=== Section Start ===
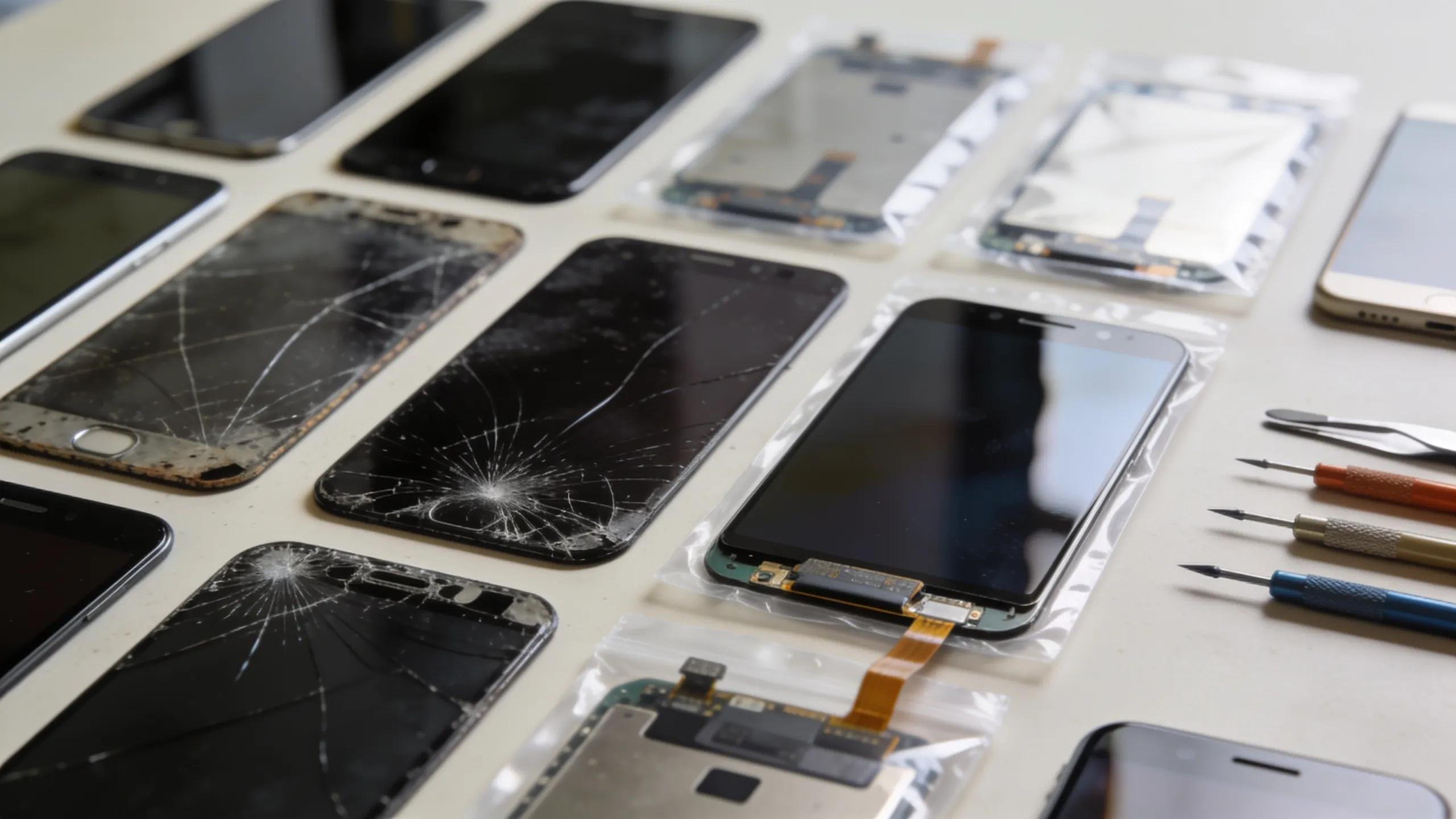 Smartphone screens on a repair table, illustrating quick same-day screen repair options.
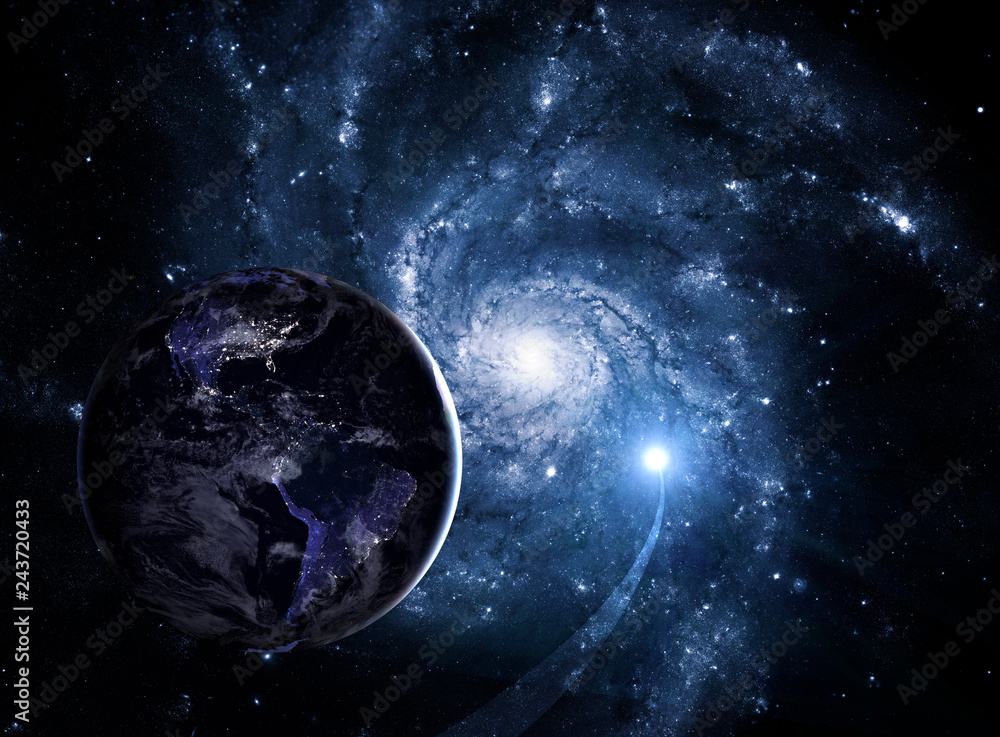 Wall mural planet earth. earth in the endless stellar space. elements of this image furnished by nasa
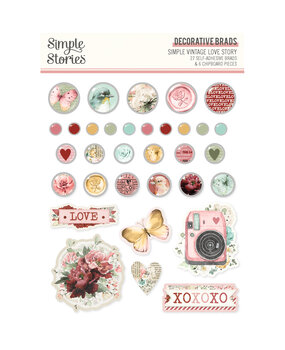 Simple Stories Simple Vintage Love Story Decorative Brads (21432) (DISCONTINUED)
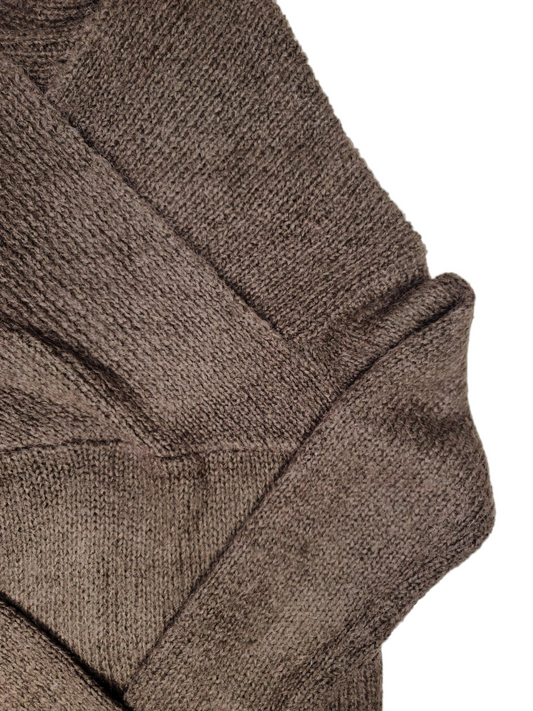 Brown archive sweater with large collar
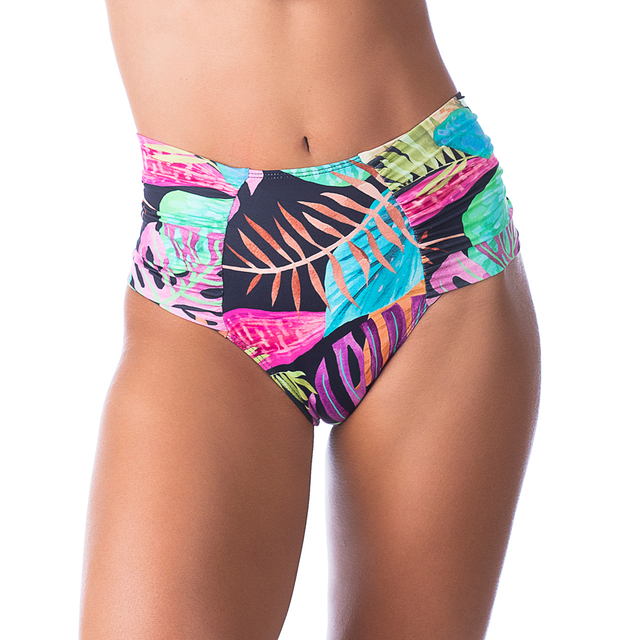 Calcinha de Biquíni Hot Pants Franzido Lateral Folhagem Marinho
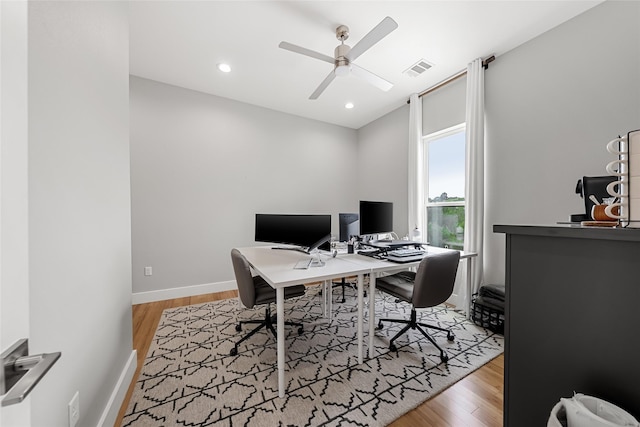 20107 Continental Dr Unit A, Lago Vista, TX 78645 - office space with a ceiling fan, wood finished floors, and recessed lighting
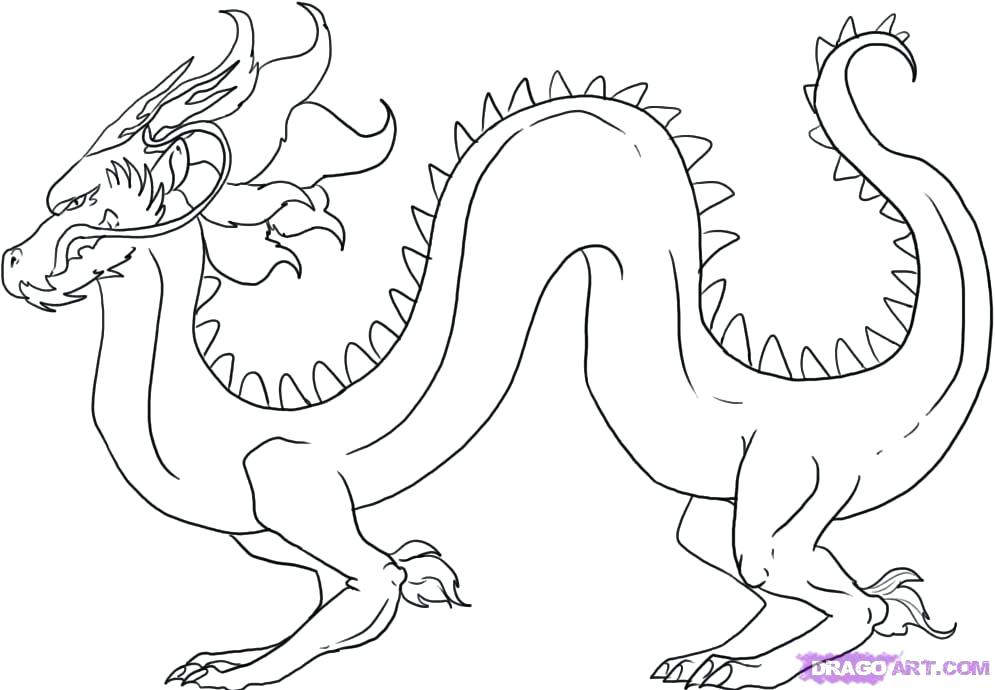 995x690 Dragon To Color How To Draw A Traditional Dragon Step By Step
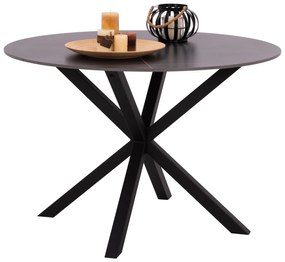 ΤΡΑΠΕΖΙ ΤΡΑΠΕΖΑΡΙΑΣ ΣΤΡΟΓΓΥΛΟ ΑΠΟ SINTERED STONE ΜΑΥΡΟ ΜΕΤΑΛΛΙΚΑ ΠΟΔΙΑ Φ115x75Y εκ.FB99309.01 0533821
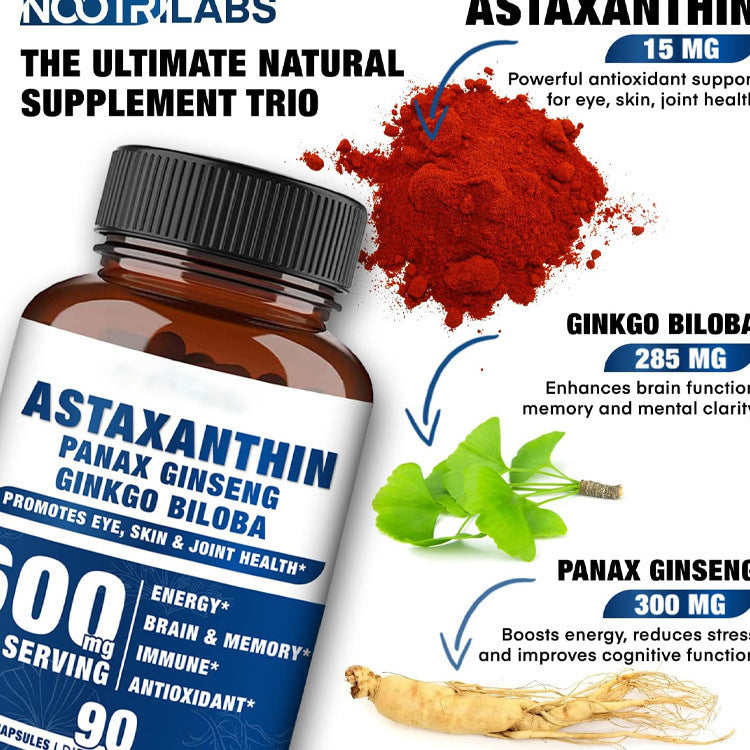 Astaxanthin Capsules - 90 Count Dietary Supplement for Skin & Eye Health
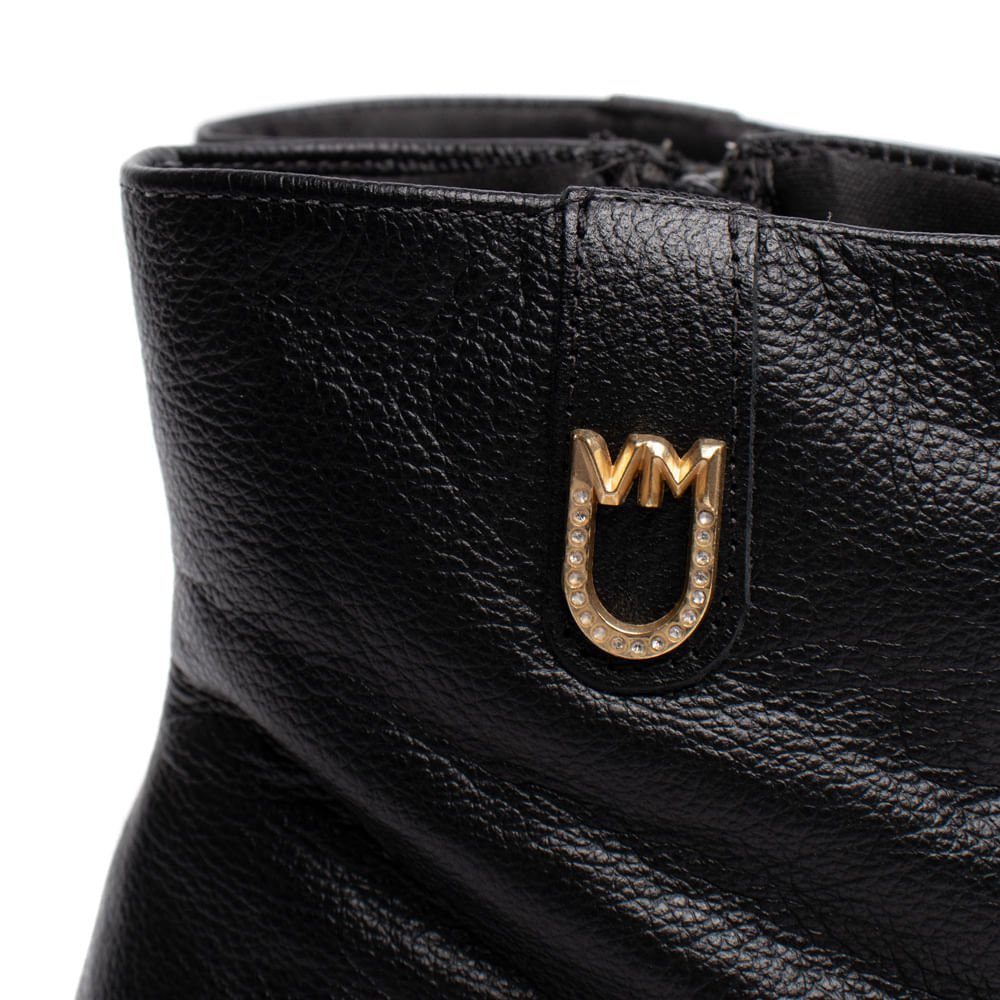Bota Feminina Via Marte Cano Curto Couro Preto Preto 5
=== Section End ===
**WHAT IS REQUIRED**
Without the pictures, write out the lines from the beginning of the entries through the line with "Calcinha de Biquíni".

**ANSWER TO THE PROBLEM**
 Smartphone screens on a repair table, illustrating quick same-day screen repair options.
 Wall mural planet earth. earth in the endless stellar space. elements of this image furnished by nasa
 Simple Stories Simple Vintage Love Story Decorative Brads (21432) (DISCONTINUED)
 Brown archive sweater with large collar
 Calcinha de Biquíni Hot Pants Franzido Lateral Folhagem Marinho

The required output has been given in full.